Review: True Swing Golf

True Swing GolfPlatform: Nintendo DS
Publisher: Nintendo
Developer: T&E Soft
Release Date: 1/23/06
Genre: Sports – Golf
Players: 1-4

T&E Soft has an extensive history in this business developing golfing videogames, and that history is only continuing to grow with the release of True Swing Golf for the Nintendo DS. Golf games have been around for ages now, and up until EA Sports’ Tiger Woods franchise began to introduce revolutionary new ideas to the genre there hadn’t been much of any changes to the golf gaming formula. With its stylus-based touch-screen controls, the Nintendo DS seemed like the perfect platform to reinvent videogame golf right from the onset of its conception, and although True Swing Golf doesn’t revolutionize the genre in any significant ways, it certainly brings the sport to gamers in a unique form that is as refreshing as it is fun to play.

As is to be expected, True Swing Golf features many of the same game modes and options as any other golf game on the market, with Quick Start matches, Free Round practice play, Stroke Play and Match Play, and honestly there isn’t anything new, formulaically, to these modes that you haven’t seen elsewhere. Before heading out onto the course, though, you first must register a player avatar. Since this isn’t a licensed golf title, there are no big named golfing superstars to speak of.
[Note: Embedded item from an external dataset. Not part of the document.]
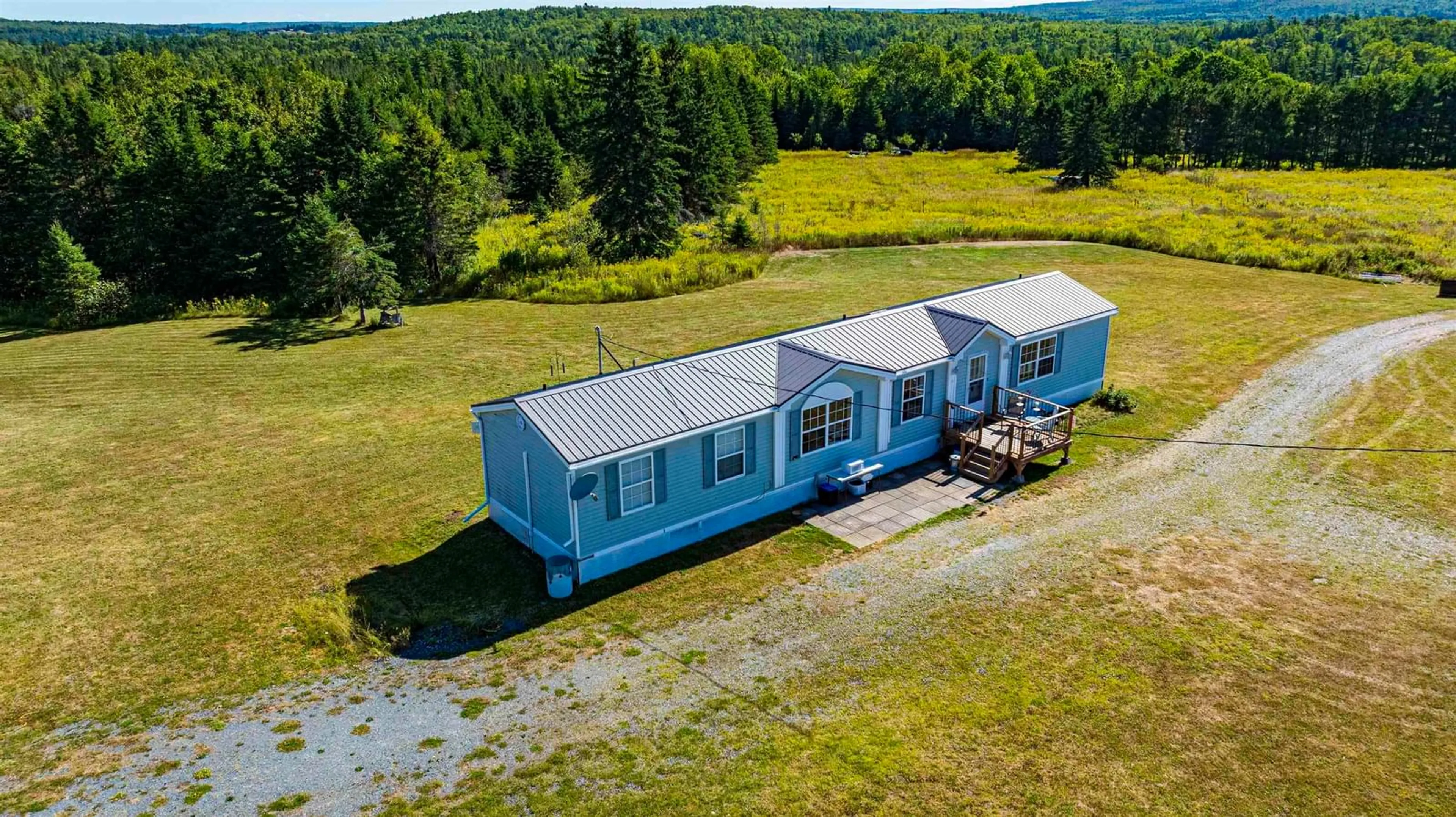 A pic from outside/outdoor area/front of a property/back of a property/a pic from drone, unknown for 402 Johnson Rd, Coldstream Nova Scotia B0N 2J0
Instead, you are given eight fairly generic 3D character models to choose from, four male and four female, and “cool” or “wild” personality settings for your player to impart (although neither seem to have any noticeable effect on how they play), and that’s it, sadly enough. More definitely could’ve and should’ve been done in the character creation department.

Also included and serving as the game’s main gameplay attraction is the Championship mode, which consists of a lengthy progression of tournaments through classes of advancing difficulty: Rookie, Pro and Master. As tournaments are won, new courses become unlocked, of which there are over 15 in total, and cash is earned to put towards outfitting your player with the latest golfing equipment and apparel. Considering character creation is virtually non-existent, it certainly comes appreciated that you at least get to customize your character a little as you advance. At the Golf Shop you can put money earnings towards aesthetical articles like new shirts, pants and hairstyles, or better yet new gear to enhance the play of your golfer. New and increasingly expensive club sets, balls, gloves and shoes are available, each with its own stat modifiers that improve player attributes such as Power, Control, Technique, Recovery and Point. It would’ve been cool had there been a deeper customization system in place to maybe build these stats up based on performance sort of like an RPG, but that’s an idea hopefully for a sequel or follow-up. The only real issue I have with the Championship mode is its lack of a career mode-type progression. Yes, you compete in a long series of tournaments, but there’s never any sense that you’re doing anything more than playing glorified stroke play matches for cash and the occasional course unlockable. I’m not saying it’s bad, it just isn’t quite as fleshed out as it could be.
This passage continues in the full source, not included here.